Magazine Psicologia

Il ’68 de L’Espresso come fonte antropologica

Da Davide

Mi capita spesso di passare ore a cercare materiale che possa fornire strumenti concettuali utile per comprendere, in chiave antropologica, la nostra società.

Mi interessa una prospettiva pubblica, applicata e non accademica e, pertanto, le ricerche sono spesso deludenti. Trovo si libri di applied anthropology americani e inglesi, qualche articolo prodotto in Italia dal titolo e contenuto piuttosto vago, diversi blog interessanti ma poco organici…un pò frustrante come esperienza

Ciò che ho notato però mettendo insieme questi diversi materiali e vedendo le tendenze che propondono anche come settori di ricerca in antropologia pubblica (conflittualità sociale, antropologia dello sviluppo, potere e conoscenza, ecc) è che, a voler ricostruire con un pò di pazienza le origini dei discorsi che oggi costituiscono l’impalcatura di una certa antropologia pubblica si finisce sempre ai nodi problematici del famigerato ’68.
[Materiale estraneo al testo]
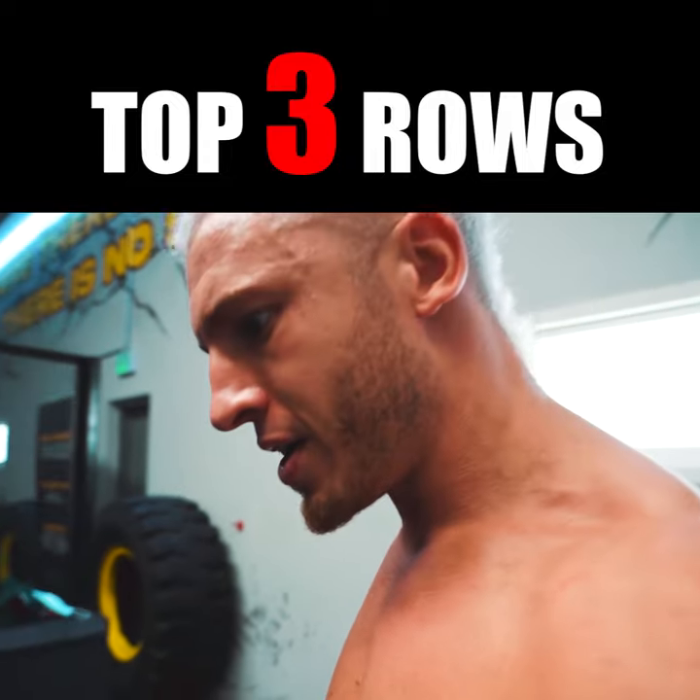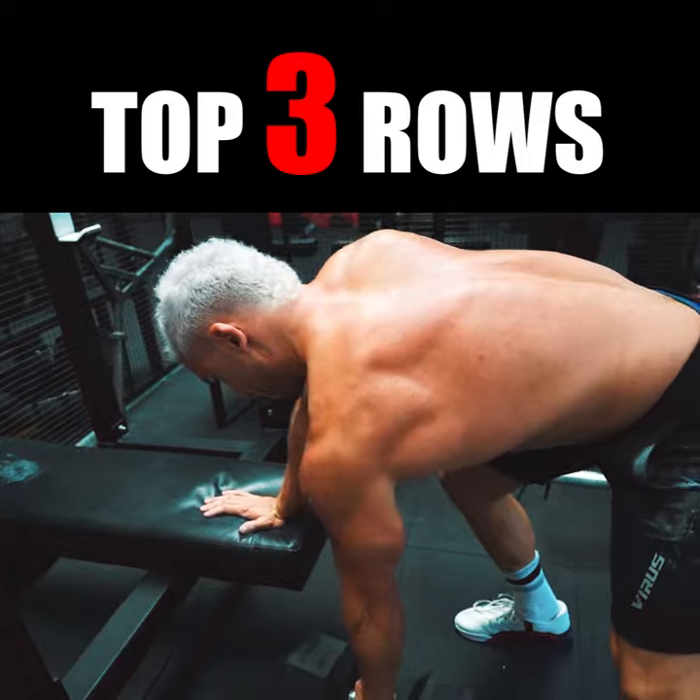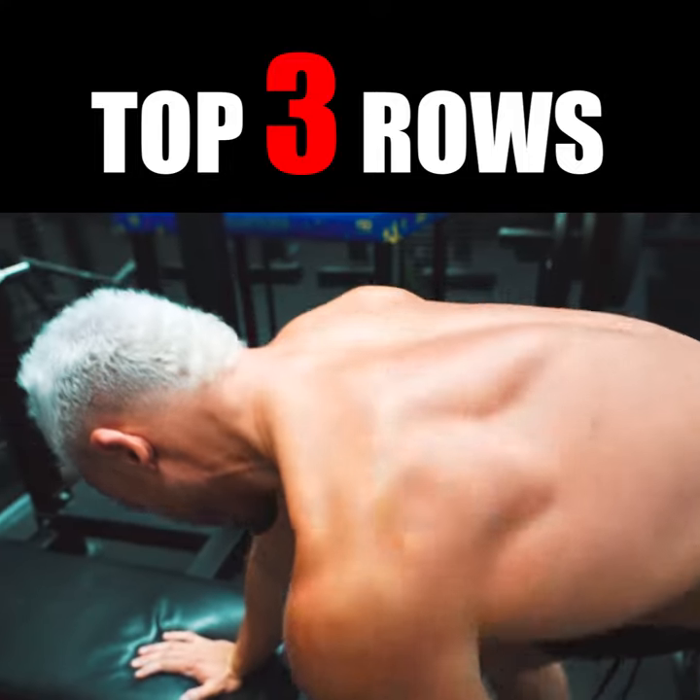Then number three, the classic single arm dumbbell row. Big chest and pull, just like so.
Un momento di straordinaria rottura sociale planetario che dà inizio ad un nuovo modo di intendere l’analisi sociale e la comparsa stili di vita e modalità di pensiero radicalmente diverse dalle precedenti. Dal punto di vista dell’antropologia pubblica gli anni 65-70 hanno più valore ideale e propulsivo che i precendenti 100.
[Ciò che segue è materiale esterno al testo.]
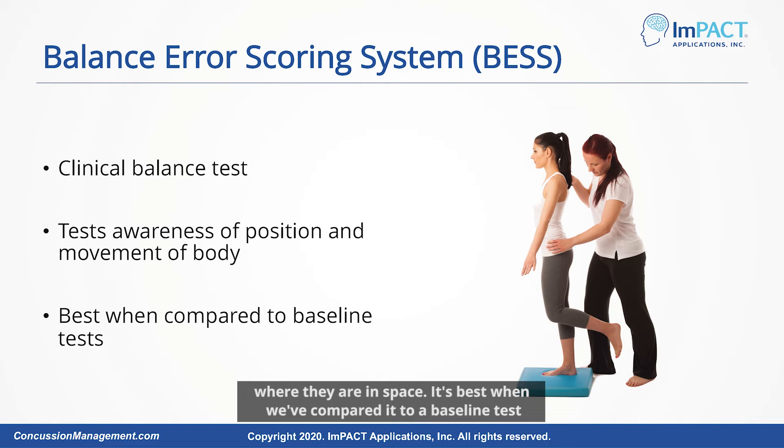It's best when compared to a baseline test taken prior to injury. That's usually typical of athletes — they'll have that baseline test before the season. The general public probably doesn't have access to that information, so you do the best you can with what you have.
La lettura delle cronache e delle riflessioni intellettuali di quegli anni mi pare un punto di vista imprescindibile per una prospettiva antropologica che trova nella società ampia e nelle articolazioni della vita pubblica la propria ragion d’essere, anzichè nella produzione di conoscenza secondo i canoni e i dettami dell’accademia delle scienze sociali e umane.

A tal proposito segnalo questo link http://temi.repubblica.it/espresso-il68/category/tematiche/ che porta alla collezione dei contributi giornalistici de L’Espresso fatti in quegli anni. E’ disponibile anche la versione cartacea, in due volumi, che per me sta rappresentando una reale miniera d’oro in quanto a spunti concreti e nuclei tematici per approndire antropologicamente questioni come il lavoro, i nuovi stili di vita, questioni giovanili e di genere, rapporti tra potere e informazione.
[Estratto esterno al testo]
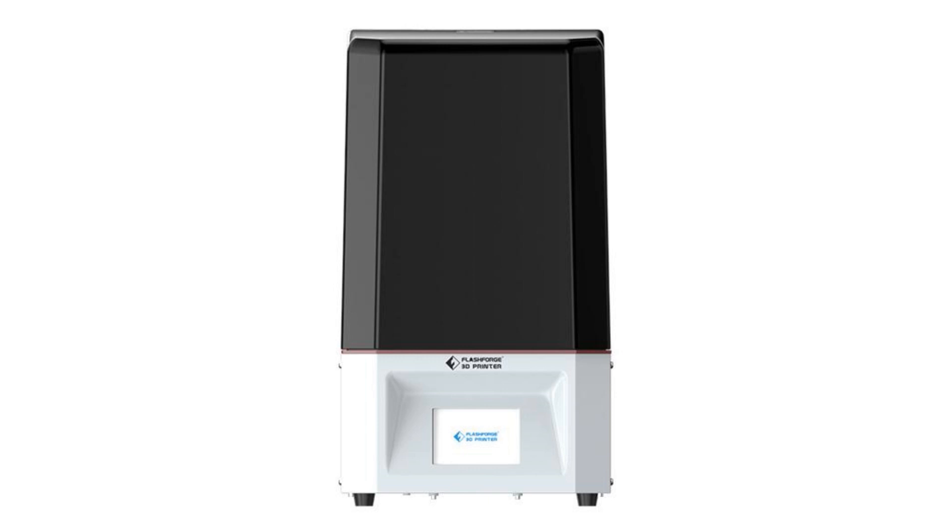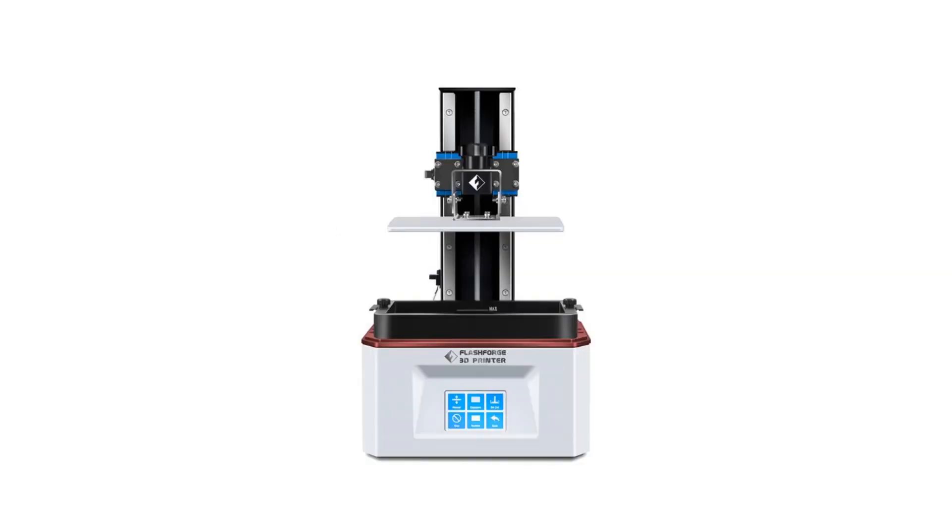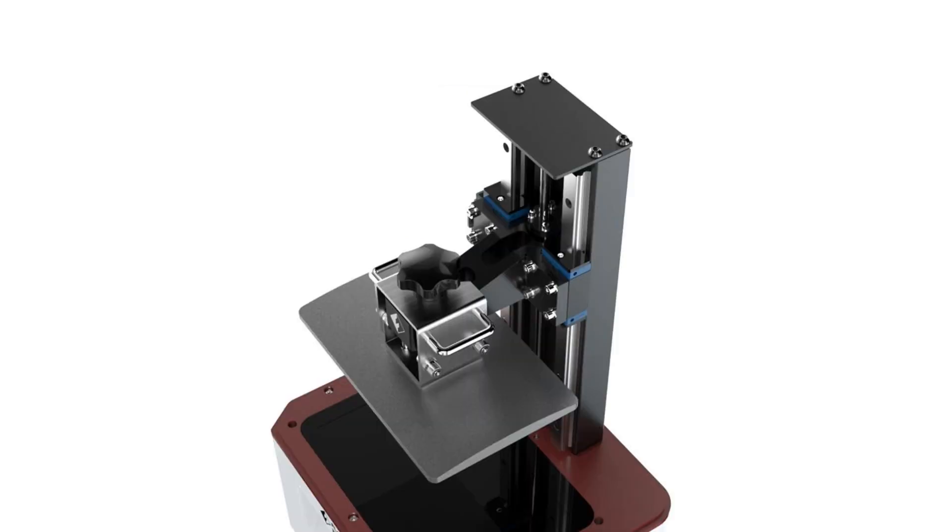About a couple weeks to maybe a month after I signed up, got an email saying, hey, would you like to test something? Have you ever tried a resin-based printer? I replied back, no, but that's something I'd like to one day try.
Il materiale disponibile, sia testuale che fotografico, permette di apprezzare a distanza di mezzo secolo l’energia e la vitalità di quel periodo, probabile momento storico ineguagliabile ma non per questo esaurito nella sua capacità di trasmettere una idea di vita sociale e comunitaria certo conflittuale ma anche profondamente umana.

Mezzo secondo dopo, buon Sessantotto a tutti.